LESSON 3 Flashcards
Types of POPULATION
- Target Population
- Accessible Population
The group defined by the researcher’s specific interests. Individuals in a _______ typically share one characteristic.
Target Population
The part of the target population that can be accessed by the researchers.
Accessible Population
The entire set of individuals who have the characteristics required by the researcher.
The Target Population ( The Population)
A portion of the target population consisting of individuals who are accessible to be recruited as participants in the study.
The Accessible Population
The individuals who are selected to participate in the research study.
The Sample
HOW DO WE MAKE SURE THAT THE STATISTICS AND INFERENCES CAN BE GENERALIZED TO THE POPULATION?

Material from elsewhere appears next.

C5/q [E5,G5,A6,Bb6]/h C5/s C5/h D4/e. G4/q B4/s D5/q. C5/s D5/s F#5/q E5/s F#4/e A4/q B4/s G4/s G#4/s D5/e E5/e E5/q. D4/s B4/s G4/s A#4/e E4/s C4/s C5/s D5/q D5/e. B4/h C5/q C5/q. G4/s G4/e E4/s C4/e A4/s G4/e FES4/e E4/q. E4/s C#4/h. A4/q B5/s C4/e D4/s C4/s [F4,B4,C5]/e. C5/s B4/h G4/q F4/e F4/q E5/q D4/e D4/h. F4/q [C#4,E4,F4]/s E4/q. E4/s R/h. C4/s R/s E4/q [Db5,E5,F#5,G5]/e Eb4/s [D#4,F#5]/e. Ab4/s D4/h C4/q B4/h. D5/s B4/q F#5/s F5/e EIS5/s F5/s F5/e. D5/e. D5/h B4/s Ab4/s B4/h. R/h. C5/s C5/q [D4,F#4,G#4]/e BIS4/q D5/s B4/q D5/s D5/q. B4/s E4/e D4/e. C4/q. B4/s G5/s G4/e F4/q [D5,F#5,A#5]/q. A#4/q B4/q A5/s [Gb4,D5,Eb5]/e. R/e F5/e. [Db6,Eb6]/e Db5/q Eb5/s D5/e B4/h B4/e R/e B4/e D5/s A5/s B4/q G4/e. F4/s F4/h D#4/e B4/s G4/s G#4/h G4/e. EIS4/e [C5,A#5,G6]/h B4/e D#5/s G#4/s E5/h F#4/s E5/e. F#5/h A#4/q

The _______ of a sample refers to the extent to which the charactreristics of the sample accurately reflect the characteristics of the population.
Representatives
A _______ is a sample with the same characteristics as the population.
Representative Sample
A ______ is a sample with different characteristics from those of the population.
Biased Sample
_______ or “sampling bias” occurs when participants or subjects are selected in a manner that increases the probability of obtaining a biased sample.
Selection Bias
The process of selecting individuals for a study is called _______.
Sampling
Researchers have developed a variety of different _______ (also calles “sampling techniques” or “sampling procedures”)
Sampling Methods
Two types of Sampling Technique
- Probability Sampling (all has equal chances)
- Non-Probability Sampling (not all has the chance to be selected)
In _______, the entire population is known, each individual in the population has a specifiable probability of selection, and sampling occurs by a random process based on the probabilities.
Probability Sampling
In _______, the population is not completely known, individual probabilities cannot be known, and the sampling method is based on factors such as commonsense or ease, with an effort to maintain representativeness and avoid bias.
Non-Probability Sampling
Probability Sampling Techniques
- Simple Random Sampling
- Systematic Sampling
- Stratified Random Sampling
- Proportionate Stratified Random Sampling
- Cluster Sampling
The basic requirement for random sampling is that each individual in the population has an equal chance of being selected. Equality means that no individual is more likely to be chosen than another. A second requirement that is sometimes added is that each selection is independent of the others. Independence means that the choice of one individual does not influence or bias the probability of choosing another individual.
Simple Random Sampling
Process of Simple Random Sampling :
- Clearly define the population from which you want to select a sample.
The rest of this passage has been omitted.